## Web page caption snippets
━━━
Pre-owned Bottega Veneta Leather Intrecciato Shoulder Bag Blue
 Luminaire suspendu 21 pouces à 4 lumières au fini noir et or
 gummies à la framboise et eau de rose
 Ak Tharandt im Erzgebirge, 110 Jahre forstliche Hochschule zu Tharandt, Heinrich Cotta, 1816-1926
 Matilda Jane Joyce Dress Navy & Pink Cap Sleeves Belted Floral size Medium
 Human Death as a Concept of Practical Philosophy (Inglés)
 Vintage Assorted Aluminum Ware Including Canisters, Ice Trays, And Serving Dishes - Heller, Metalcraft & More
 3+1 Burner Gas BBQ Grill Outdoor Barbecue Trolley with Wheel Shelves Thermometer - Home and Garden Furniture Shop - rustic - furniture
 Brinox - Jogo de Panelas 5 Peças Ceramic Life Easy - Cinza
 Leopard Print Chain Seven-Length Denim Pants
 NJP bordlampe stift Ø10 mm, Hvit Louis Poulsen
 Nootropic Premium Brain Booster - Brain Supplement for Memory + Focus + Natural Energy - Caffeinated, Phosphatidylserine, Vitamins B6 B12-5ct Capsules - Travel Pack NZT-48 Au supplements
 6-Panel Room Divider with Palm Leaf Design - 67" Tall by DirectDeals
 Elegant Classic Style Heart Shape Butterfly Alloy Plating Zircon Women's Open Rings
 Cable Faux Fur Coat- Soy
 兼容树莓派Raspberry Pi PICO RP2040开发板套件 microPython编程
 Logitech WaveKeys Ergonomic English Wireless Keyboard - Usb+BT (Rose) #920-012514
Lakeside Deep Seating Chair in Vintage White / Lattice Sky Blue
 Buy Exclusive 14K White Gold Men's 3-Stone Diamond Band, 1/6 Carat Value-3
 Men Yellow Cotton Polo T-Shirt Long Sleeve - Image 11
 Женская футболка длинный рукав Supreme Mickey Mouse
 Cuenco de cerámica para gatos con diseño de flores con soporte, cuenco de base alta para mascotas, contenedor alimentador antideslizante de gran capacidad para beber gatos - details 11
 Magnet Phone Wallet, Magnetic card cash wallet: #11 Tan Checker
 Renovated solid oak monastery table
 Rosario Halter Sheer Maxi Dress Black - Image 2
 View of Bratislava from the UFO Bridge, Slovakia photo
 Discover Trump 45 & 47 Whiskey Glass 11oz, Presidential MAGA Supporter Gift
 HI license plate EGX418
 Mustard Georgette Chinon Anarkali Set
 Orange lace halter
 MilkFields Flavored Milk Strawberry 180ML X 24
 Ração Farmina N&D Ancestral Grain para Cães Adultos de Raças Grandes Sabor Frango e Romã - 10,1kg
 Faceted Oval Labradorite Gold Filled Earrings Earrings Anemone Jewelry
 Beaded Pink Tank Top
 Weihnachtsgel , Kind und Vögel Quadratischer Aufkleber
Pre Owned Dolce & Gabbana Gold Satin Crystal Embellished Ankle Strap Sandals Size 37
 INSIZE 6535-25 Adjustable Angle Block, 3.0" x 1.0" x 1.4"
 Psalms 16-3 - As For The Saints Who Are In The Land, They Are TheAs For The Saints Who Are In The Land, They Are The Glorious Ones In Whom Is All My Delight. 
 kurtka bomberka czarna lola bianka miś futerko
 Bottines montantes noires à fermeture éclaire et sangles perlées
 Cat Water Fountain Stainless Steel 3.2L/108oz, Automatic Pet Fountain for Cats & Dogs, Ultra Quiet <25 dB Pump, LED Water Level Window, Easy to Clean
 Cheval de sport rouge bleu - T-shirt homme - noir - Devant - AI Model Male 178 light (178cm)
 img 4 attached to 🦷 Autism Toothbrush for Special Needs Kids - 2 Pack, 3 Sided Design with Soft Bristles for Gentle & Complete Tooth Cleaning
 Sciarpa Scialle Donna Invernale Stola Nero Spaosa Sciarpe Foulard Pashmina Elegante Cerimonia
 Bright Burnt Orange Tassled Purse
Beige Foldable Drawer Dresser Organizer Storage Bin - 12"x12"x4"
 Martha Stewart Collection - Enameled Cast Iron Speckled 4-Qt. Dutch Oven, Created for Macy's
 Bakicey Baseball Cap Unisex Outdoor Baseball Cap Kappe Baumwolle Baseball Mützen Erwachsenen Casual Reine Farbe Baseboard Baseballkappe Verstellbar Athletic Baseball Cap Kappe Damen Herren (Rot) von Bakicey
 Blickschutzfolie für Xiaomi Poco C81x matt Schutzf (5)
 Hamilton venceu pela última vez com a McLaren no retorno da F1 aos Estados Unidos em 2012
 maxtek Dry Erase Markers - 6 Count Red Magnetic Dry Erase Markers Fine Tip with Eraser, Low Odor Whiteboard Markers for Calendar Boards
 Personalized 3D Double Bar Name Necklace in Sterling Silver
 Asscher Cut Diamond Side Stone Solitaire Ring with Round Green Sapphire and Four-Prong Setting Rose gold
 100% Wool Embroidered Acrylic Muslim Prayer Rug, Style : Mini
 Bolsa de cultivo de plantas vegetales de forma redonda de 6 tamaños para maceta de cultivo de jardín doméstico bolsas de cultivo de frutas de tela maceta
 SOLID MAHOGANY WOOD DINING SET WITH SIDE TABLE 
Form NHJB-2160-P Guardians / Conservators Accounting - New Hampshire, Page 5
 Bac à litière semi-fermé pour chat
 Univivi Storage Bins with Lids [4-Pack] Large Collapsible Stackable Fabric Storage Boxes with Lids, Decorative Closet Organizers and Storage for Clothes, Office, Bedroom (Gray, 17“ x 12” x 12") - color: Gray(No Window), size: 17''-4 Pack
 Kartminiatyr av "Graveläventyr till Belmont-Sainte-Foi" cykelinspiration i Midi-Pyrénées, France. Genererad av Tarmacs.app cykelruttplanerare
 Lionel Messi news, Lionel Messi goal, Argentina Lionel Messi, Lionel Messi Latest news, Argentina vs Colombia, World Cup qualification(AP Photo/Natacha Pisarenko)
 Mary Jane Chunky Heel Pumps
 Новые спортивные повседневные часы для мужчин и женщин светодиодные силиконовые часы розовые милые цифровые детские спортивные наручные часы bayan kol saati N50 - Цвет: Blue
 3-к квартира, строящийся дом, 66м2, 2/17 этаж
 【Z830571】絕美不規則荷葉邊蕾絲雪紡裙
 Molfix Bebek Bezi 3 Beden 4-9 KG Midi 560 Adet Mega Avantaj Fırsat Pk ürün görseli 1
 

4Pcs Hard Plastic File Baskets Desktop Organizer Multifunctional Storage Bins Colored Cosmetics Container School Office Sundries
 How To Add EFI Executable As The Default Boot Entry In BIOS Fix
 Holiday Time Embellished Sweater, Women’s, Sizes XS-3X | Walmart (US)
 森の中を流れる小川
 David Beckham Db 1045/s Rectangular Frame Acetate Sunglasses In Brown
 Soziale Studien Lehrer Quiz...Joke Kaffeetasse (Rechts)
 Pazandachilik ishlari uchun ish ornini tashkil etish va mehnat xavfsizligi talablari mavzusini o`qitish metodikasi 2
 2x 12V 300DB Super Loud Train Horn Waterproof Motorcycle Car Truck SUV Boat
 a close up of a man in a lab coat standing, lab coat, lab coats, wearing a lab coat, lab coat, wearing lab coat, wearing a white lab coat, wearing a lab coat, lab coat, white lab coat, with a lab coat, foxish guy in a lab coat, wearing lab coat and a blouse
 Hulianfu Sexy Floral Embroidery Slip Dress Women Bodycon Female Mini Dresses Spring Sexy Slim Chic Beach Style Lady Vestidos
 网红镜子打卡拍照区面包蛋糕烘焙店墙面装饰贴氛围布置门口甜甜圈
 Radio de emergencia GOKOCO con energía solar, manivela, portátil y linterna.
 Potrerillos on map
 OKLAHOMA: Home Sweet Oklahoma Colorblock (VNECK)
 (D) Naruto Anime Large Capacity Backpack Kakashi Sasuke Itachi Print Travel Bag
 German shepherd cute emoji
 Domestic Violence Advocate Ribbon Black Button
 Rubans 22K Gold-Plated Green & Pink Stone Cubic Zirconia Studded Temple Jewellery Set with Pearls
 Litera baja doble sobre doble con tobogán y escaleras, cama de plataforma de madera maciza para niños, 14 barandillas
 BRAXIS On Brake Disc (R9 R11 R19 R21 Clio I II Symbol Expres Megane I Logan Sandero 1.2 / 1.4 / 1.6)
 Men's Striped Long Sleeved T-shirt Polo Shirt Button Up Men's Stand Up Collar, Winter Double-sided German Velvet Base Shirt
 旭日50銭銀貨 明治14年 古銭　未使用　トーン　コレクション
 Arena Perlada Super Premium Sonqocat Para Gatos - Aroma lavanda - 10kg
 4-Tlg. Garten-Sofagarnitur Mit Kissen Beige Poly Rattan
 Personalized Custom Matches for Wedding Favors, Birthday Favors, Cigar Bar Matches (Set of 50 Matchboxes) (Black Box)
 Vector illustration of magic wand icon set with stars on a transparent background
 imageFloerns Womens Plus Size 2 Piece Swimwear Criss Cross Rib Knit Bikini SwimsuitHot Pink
━━━
Tally how many lines of the data include the word "Jane". Write the number and nothing else.

## SOLUTION
2